Again, according to our best information, they made a profit on the transactions.
Now, whether they will some day adopt a change in policy which will lead them to decide that that whole $590,000,000 of securities purchased without 1933 act registration during the last several years should be resold, I cannot say; but I can say this, that if they could establish—and I am sure they could—that under the present act they had purchased those securities in good faith with the intent of holding them for investment and that they had now changed their minds for some good reason, they would be completely free to resell those $590,000,000 of securities without having them registered under the act in any way or without assuming any liability under the act as an underwriter.
Mr. REECE. How long had these bonds to which you refer been held before the sale of the $10,000,000!

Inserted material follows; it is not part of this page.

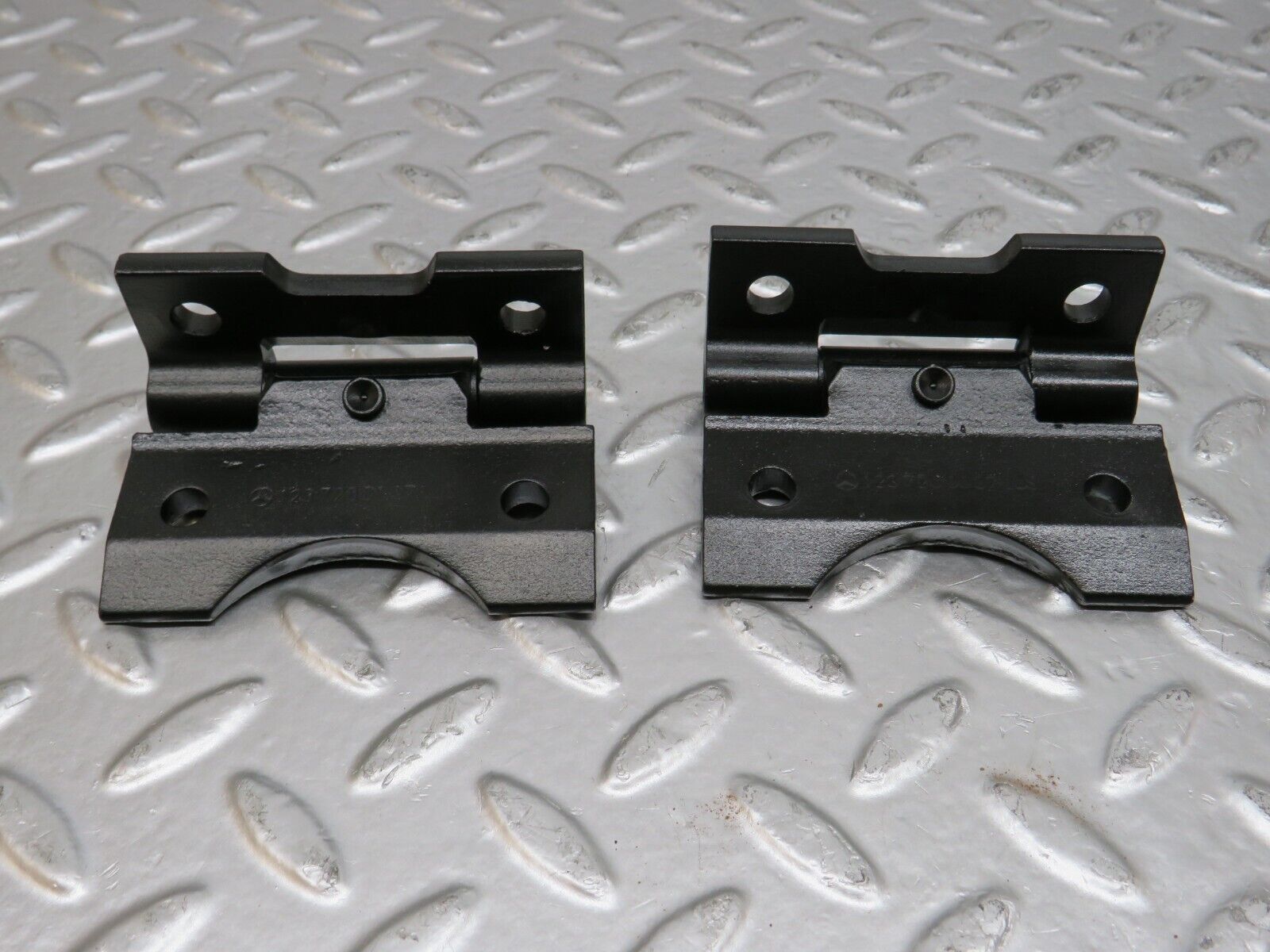 25421 Mercedes-Benz W123 200 Door Hinge Pair 1237200037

Mr. STEWART. I think that the New York Electric & Gas bonds had been held, probably, a matter of 2 months.
Mr. REECE. A short time?
Mr. STEWART. Yes. The other bonds which had been purchased and resold without registration had, I think, been held probably for more than a year; perhaps as long as 2 years. I could get the exact date for you. It is not at my finger tips at the moment.
Mr. BOREN. Mr. Chairman.
Mr. BOREN. Referring back to lines 6 and 7, on page 10, the question I asked you awhile ago about that provision as drawn leaving an open gate, as I described it, that could be utilized for that practice.
Mr. STEWART. No; Mr. Boren. I am not talking at the moment about that. I am not talking about our proposed amendment. I am talking about the situation that exists today under the act as it stands today.
Mr. BOREN. Well, but under lines 6 and 7 of that provision, on page 10, in our discussion awhile ago, without having the information Mr. Reece brought out here, I raised the question, was it not possible and probable that some company would buy and resell, as a part of my question, as I recall it. You indicated that it was not a common practice; that it could become a common practice, perhaps.
Mr. STEWART. Mr. Boren, this proposal in 2 (14), the exemption to which you were specifically referring, relates to any offering of a single indivisible security which is purchased for investment by not more than one person.
Now, that concept of an “indivisible security” does prevent easy resale.
Mr. BOREN. I see.
Mr. STEWART. In other words, if they buy a $10,000,000 mortgage in a single indivisible security and it really is indivisible, obviously they could not sell it except as a $10,000,000 piece to some other purchaser who is able to acquire an investment of that character. That is one reason for the “indivisible” in the proposal, to prevent easy resale and distribution.
Mr. BOREN. The thought I had in mind was identical with the example you have given here as to the possibility of the investment, one company buying as you say with the intention of keeping it as an investment and then reselling it for a profit.
Now, where in the provision you folks have made is there any change in the present law affecting that situation!
Mr. STEWART. We have not attempted in here, in this present draft, to reach through the initial transaction to prevent resales of securities which were purchased in good faith generally under one of the exemptions of the act.
Mr. BOREN. Mr. Chairman, I do not want to pursue the question any further, but I do have one more question that I want Mr. Stewart to answer for me sometime this morning.